The Marshmallow Test

I recently seen a thing on TV where they took a group of 3 year olds and gave them a marshmallow and told themt hey had to hold it but wait to eat it. Those that did wait about 15 minutes or so were rewarded with a second marshmallow and they could then eat them both.  Those that didnt wait only got the one.  Simple enough.  They they followed these children through out their lives and into their early 20's or so.

They found that those that could accept delayed gratification were less streesed and better off in their lives than those who did not, overall.

O.o all over a marshmallow? 

Well, not really, it was an experiment related to parenting styles and that the parents that successfully taught delayed gratification to their children were setting them up to take disappointments in life with great stride.  Wow, such a simple thing can teach us wonders.

It makes you really consider how your parenting style affects your children and exactly how much they imitate what they see and how they adjust to life depending on the life lessons we teach them.  I try to teach my children to be survivors and I am guilty of the instant gratification thing. However, I wonder how whiners get away with it. I mean if a child will whine enough, most of the time they get their way and if they catch on to that, watch out. A lot of nerves will be pinched and a lot of teeth will be grinding.
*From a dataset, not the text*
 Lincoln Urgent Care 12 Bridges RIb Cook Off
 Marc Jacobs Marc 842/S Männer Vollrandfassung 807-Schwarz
I mean think about it. Children are great at manipulating their parents in some form or fashion. No matter the parenting style.  They are also great at imitating what they see and the stories they hear about "when I was your age."  I have seen it happen all to often that a parent will say to a child:

"Do as I say and not as I do"

Then the child will grow up and be exactly like the parent or even worse and then the parent wonders where they have gone wrong.  I can assure you that if you talked to them a lot along the way, they will file the good things away and reflect upon them when they make their own mistakes.  So long as you have not been abusive, or horrible to them, they still may turn out ok.  They do have to make their own mistakes and learn from them. Even when they are grown you can still talk to them. Still teach them by giving them the marshmallow and delaying the second one to see their response, if they cannot wait to eat the first one before getting the second one, then you have some work to do and we as parents can still work with our children to make them better people even if they are fourty years young.

They are still your children no matter how old they are.